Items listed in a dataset
++++++++++++++++++++

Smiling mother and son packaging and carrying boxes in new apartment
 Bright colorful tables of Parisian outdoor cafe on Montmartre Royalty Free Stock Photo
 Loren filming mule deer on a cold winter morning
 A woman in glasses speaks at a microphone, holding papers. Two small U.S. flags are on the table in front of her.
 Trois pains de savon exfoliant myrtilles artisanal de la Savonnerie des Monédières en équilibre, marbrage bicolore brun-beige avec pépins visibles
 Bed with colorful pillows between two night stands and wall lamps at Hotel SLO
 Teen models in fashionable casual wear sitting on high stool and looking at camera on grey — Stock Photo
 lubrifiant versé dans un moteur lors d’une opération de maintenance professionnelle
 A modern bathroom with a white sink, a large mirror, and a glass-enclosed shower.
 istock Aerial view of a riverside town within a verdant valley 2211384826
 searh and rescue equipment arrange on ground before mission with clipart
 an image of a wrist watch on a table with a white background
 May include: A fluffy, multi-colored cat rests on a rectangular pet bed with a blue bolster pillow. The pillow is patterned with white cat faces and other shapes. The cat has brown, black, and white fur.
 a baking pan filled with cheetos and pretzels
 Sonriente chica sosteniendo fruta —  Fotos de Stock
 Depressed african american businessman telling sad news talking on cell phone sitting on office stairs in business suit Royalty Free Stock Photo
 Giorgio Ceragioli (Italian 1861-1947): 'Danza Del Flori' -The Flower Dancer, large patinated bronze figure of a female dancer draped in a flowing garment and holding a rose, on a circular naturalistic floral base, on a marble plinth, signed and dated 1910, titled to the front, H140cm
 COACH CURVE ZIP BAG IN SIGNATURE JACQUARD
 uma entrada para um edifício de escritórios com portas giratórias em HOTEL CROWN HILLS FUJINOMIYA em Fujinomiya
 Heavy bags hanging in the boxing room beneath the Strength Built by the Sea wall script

++++++++++++++++++++

- Exercise requirements: Write out exactly the lines that begin at the one containing "Bright colorful tables" and continue through the last line of the data, and only those.

- Result:
 Bright colorful tables of Parisian outdoor cafe on Montmartre Royalty Free Stock Photo
 Loren filming mule deer on a cold winter morning
 A woman in glasses speaks at a microphone, holding papers. Two small U.S. flags are on the table in front of her.
 Trois pains de savon exfoliant myrtilles artisanal de la Savonnerie des Monédières en équilibre, marbrage bicolore brun-beige avec pépins visibles
 Bed with colorful pillows between two night stands and wall lamps at Hotel SLO
 Teen models in fashionable casual wear sitting on high stool and looking at camera on grey — Stock Photo
 lubrifiant versé dans un moteur lors d’une opération de maintenance professionnelle
 A modern bathroom with a white sink, a large mirror, and a glass-enclosed shower.
 istock Aerial view of a riverside town within a verdant valley 2211384826
 searh and rescue equipment arrange on ground before mission with clipart
 an image of a wrist watch on a table with a white background
 May include: A fluffy, multi-colored cat rests on a rectangular pet bed with a blue bolster pillow. The pillow is patterned with white cat faces and other shapes. The cat has brown, black, and white fur.
 a baking pan filled with cheetos and pretzels
 Sonriente chica sosteniendo fruta —  Fotos de Stock
 Depressed african american businessman telling sad news talking on cell phone sitting on office stairs in business suit Royalty Free Stock Photo
 Giorgio Ceragioli (Italian 1861-1947): 'Danza Del Flori' -The Flower Dancer, large patinated bronze figure of a female dancer draped in a flowing garment and holding a rose, on a circular naturalistic floral base, on a marble plinth, signed and dated 1910, titled to the front, H140cm
 COACH CURVE ZIP BAG IN SIGNATURE JACQUARD
 uma entrada para um edifício de escritórios com portas giratórias em HOTEL CROWN HILLS FUJINOMIYA em Fujinomiya
 Heavy bags hanging in the boxing room beneath the Strength Built by the Sea wall script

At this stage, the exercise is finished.